START Records for processing
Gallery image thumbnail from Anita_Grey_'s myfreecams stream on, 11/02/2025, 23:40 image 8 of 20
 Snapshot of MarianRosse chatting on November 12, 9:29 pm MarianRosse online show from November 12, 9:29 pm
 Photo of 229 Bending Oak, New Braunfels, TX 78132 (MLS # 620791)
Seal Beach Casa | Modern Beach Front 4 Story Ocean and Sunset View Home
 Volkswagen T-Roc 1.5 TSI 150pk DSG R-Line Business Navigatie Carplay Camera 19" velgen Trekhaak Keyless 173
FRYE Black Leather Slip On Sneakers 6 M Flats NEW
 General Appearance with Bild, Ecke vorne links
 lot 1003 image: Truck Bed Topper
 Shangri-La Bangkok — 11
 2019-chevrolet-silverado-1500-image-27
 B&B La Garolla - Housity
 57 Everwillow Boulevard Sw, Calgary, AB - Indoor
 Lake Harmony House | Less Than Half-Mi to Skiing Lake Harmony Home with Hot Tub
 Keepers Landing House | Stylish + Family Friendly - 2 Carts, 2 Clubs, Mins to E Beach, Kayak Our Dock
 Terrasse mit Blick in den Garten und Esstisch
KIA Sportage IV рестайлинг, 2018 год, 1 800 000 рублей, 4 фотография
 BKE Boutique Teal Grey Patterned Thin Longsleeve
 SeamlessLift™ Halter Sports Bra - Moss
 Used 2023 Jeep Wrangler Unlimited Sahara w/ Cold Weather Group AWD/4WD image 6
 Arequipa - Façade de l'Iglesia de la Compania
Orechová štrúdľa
END Records for processing
▶ Aim of the exercise
What you write must match the records above line for line.

▶ Response to the exercise
Gallery image thumbnail from Anita_Grey_'s myfreecams stream on, 11/02/2025, 23:40 image 8 of 20
 Snapshot of MarianRosse chatting on November 12, 9:29 pm MarianRosse online show from November 12, 9:29 pm
 Photo of 229 Bending Oak, New Braunfels, TX 78132 (MLS # 620791)
Seal Beach Casa | Modern Beach Front 4 Story Ocean and Sunset View Home
 Volkswagen T-Roc 1.5 TSI 150pk DSG R-Line Business Navigatie Carplay Camera 19" velgen Trekhaak Keyless 173
FRYE Black Leather Slip On Sneakers 6 M Flats NEW
 General Appearance with Bild, Ecke vorne links
 lot 1003 image: Truck Bed Topper
 Shangri-La Bangkok — 11
 2019-chevrolet-silverado-1500-image-27
 B&B La Garolla - Housity
 57 Everwillow Boulevard Sw, Calgary, AB - Indoor
 Lake Harmony House | Less Than Half-Mi to Skiing Lake Harmony Home with Hot Tub
 Keepers Landing House | Stylish + Family Friendly - 2 Carts, 2 Clubs, Mins to E Beach, Kayak Our Dock
 Terrasse mit Blick in den Garten und Esstisch
KIA Sportage IV рестайлинг, 2018 год, 1 800 000 рублей, 4 фотография
 BKE Boutique Teal Grey Patterned Thin Longsleeve
 SeamlessLift™ Halter Sports Bra - Moss
 Used 2023 Jeep Wrangler Unlimited Sahara w/ Cold Weather Group AWD/4WD image 6
 Arequipa - Façade de l'Iglesia de la Compania
Orechová štrúdľa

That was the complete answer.